The objective in traditional reinforcement learning (RL) usually involves an expected value of a cost function that doesn't include risk considerations. In this tutorial, we consider risk-sensitive RL in two settings: one where the goal is to find a policy that optimizes the usual expected value objective while ensuring that a risk constraint is satisfied, and the other where the risk measure is the objective.
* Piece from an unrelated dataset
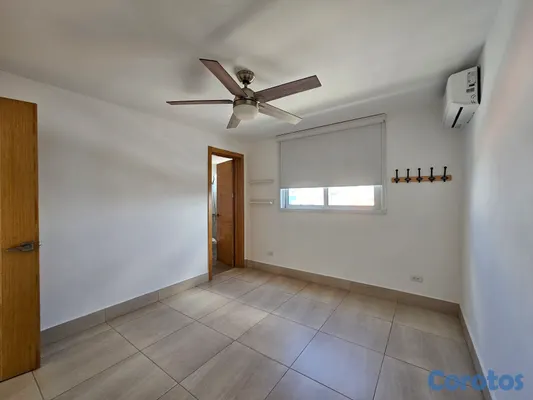 apartamentos - Alquiler de Apartamento en La Esperilla  4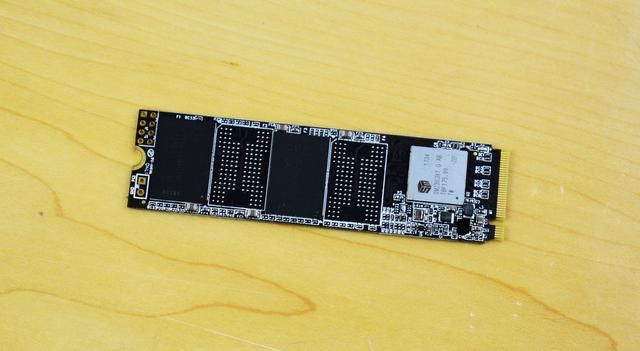 PCIe NVMe SSD新选择,台电幻影NP800评测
We focus on policy gradient search as the solution approach.

Thus, the main purpose of this tutorial is to introduce and survey research results on policy gradient methods for reinforcement learning with risk-sensitive criteria, as well as to outline some promising avenues for future research following the risk-sensitive RL framework.

Tutorial Outline

Tutorial Overview
Review of MDPs/RL
Risk Measures
Background
Policy Gradient Templates for Risk-sensitive RL
MDPs with Risk as the Constraint
MDPs with Risk as the Objective

Slides

Click here

Research monograph

Prashanth L.A. and Michael Fu, Risk-Sensitive Reinforcement Learning via Policy Gradient Search, Foundations and Trends in Machine Learning, 2022. [pdf] [Book page]

Presenters

Prashanth L.A. and Michael Fu will be the presenters of this tutorial.

Target Audience

The target audience includes both researchers and practitioners who study and/or use reinforcement learning (RL) in their work and who wish to incorporate risk measures or behavioral considerations in their decision-making process. The background needed for this tutorial can be found in a a first course in RL and optimization.

Speaker Bios

Prashanth L.A. is an Associate Professor in the Department of Computer Science and Engineering at Indian Institute of Technology Madras. His research interests are in reinforcement learning, stochastic optimization and multi-armed bandits, with applications in transportation systems, wireless networks and recommendation systems.

Michael C. Fu holds the Smith Chair of Management Science at the University of Maryland. His research interests include simulation optimization and applied probability, particularly with applications towards supply chain management and financial engineering.